The sight of heretics running rampant has always distressed the orthodox. Historically they’ve taken some extreme measures to restore their equanimity: wars of religion, the Spanish Inquisition, burnings at stakes, things like that.
In America, so the story goes, with the advent of modernity, democracy, and the First Amendment, it was determined that religion was too hot for the state to handle and that there should be free exercise of religion. This arrangement unleashed new scope for heretical binges unchecked by the power of sword, and heresy flourished like a green tree in its native soil. But this was considered preferable to violent religious carnage, and Americans are proud of their forefathers for having had the sense to make the religious zealots settle their differences without weapons.
This is the story as it’s usually told, with the focus on the glorious benefits of religious freedom. But New York Times columnist Ross Douthat would like to nuance this story in his book, Bad Religion: How We Became a Nation of Heretics. He believes that while America has always fostered heretics, these heretics used to react against a substantial orthodox Christian core.
The minority heretics were good for religion, because heresy keeps orthodoxy on its toes. And the situation as a whole was good for America, as the thus-enlivened orthodox, gathered in the institutional church, encouraged many social goods in its communal role, driving assimilation, and guaranteeing social peace. It also played a prophetic role, as “a curb against our national excesses and [as] a constant reminder of our national ideals” (16).
But now this ideal heresy/orthodoxy balance is being threatened by the decline of institutional orthodox Christianity and the insurgence of numerous heresies. Rather than becoming too irreligious or too religious, Americans are becoming too heretical, which leads to the loss of the orthodox core and its supporting social role, and instead results in cultural and financial woes. Douthat narrates the decline of orthodoxy over the past fifty years along with the concurrent decline in cultural health, and he provides a handy compendium of the most prevalent modern heresies and the havoc they wreak upon society. From this data he argues that more orthodox belief would be good for America, and that even unbelievers and skeptics should be able to appreciate the benefits America once reaped from its orthodox core.
Douthat writes with keen intelligence when he outlines the current heresies and their pernicious societal effects. If you want to be briefed on the heresies held by many of your friends and neighbors, I can recommend no better resource. Douthat is less sharp, however, when he discusses orthodoxy. He attempts to make an instrumental argument for orthodox Christianity, which is difficult to do without reducing orthodox Christianity to a simple tool. An instrumental version of Christianity, sadly, is by definition no longer orthodox. It’s difficult terrain to navigate. Douthat readily acknowledges that Christianity must be sought for its own sake: “To make any difference in our common life, Christianity must be lived’not as a means to social cohesion or national renewal, but as an end unto itself” (293). But he struggles throughout the book to resist treating orthodoxy as a tool for political flourishing rather than the supernatural, stumbling-block-to-the-Jews and foolishness-to-the-Greeks kind of religion that it is.
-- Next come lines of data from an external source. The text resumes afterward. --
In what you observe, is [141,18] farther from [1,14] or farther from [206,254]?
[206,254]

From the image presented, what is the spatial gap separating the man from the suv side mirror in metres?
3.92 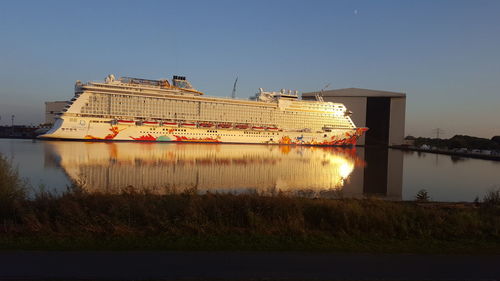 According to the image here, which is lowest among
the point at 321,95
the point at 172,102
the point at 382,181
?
the point at 382,181

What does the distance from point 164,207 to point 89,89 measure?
53.5 m

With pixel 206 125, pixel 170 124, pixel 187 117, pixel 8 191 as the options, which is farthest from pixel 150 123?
pixel 8 191

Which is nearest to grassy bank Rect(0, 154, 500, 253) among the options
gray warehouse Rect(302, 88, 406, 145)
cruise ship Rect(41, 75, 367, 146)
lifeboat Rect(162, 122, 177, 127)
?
cruise ship Rect(41, 75, 367, 146)

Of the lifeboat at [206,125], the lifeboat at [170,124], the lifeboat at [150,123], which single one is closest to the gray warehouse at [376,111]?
the lifeboat at [206,125]

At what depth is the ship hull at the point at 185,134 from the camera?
49.7m

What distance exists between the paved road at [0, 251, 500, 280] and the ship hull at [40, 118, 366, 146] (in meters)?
50.4

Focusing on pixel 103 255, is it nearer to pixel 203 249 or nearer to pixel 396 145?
pixel 203 249

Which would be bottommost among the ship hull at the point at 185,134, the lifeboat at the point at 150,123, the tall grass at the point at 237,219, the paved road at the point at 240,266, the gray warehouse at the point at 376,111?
the paved road at the point at 240,266

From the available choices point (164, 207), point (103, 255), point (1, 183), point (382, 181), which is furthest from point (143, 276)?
point (382, 181)

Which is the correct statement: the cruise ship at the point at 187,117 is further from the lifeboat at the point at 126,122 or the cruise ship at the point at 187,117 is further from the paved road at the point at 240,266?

The struggle to describe Christianity’s social benefit without reducing it to those benefits is apparent in his definition of orthodoxy. He argues that orthodoxy recognizes that reality is complex, while heretics often try to rationalize and streamline doctrines they can’t explain, like the incarnation, leading to a flattened view of the world. He goes on to define orthodoxy in this way: “What defines this consensus [of orthodox Christian belief], above all’what distinguishes orthodoxy from heresy, the central river from the delta’is a commitment to mystery and paradox” (10). This is an odd way to put it, because while believing in mysteries and paradoxes might help you believe in a more complex world, they have no inherent value in themselves. They are valuable only if they are true and help to explain reality as it actually is. Douthat’s indirectness about Christianity’s truth-claims might make for an instrumental argument that is more appealing to unbelievers, but it portrays orthodoxy in a manner less than accurate. The struggle continues when Douthat addresses the way the church needs to think of itself in relation to the world. For example, he writes,
For a fleeting historical moment [the Civil Rights movement], it seemed as though the Christian churches might not have to choose between becoming religious hermit kingdoms or the spiritual equivalents of Vichy France. Instead, they might become something more like what the Gospels suggested they should be: the salt of the earth, a light to the nations, and a place where even modern man could find a home. (54)
In this quote he confuses being salt and light with the ability to effect certain social change. In order to be salt and light, churches need to preach the Word boldly and administer the sacraments rightly, and Christians need to love their neighbors. Then they will be sufficiently salty and bright regardless of the sociopolitical outcome.
Douthat makes similar missteps elsewhere in the book, but at the very end he offers an encouraging proposal: get thee back to church. He writes, “Anyone who seeks a more perfect union should begin by seeking the perfection of their own soul. Anyone who would save their country should first look to save themselves” (293). That’s still phrased a bit too instrumentally, because of course saving your own soul is no guarantee that your country will be saved, but he does at least get the order right. Far better to save your soul and forfeit the whole world than the reverse. And should the world benefit because your soul is saved, praise the Lord for his bountiful mercies.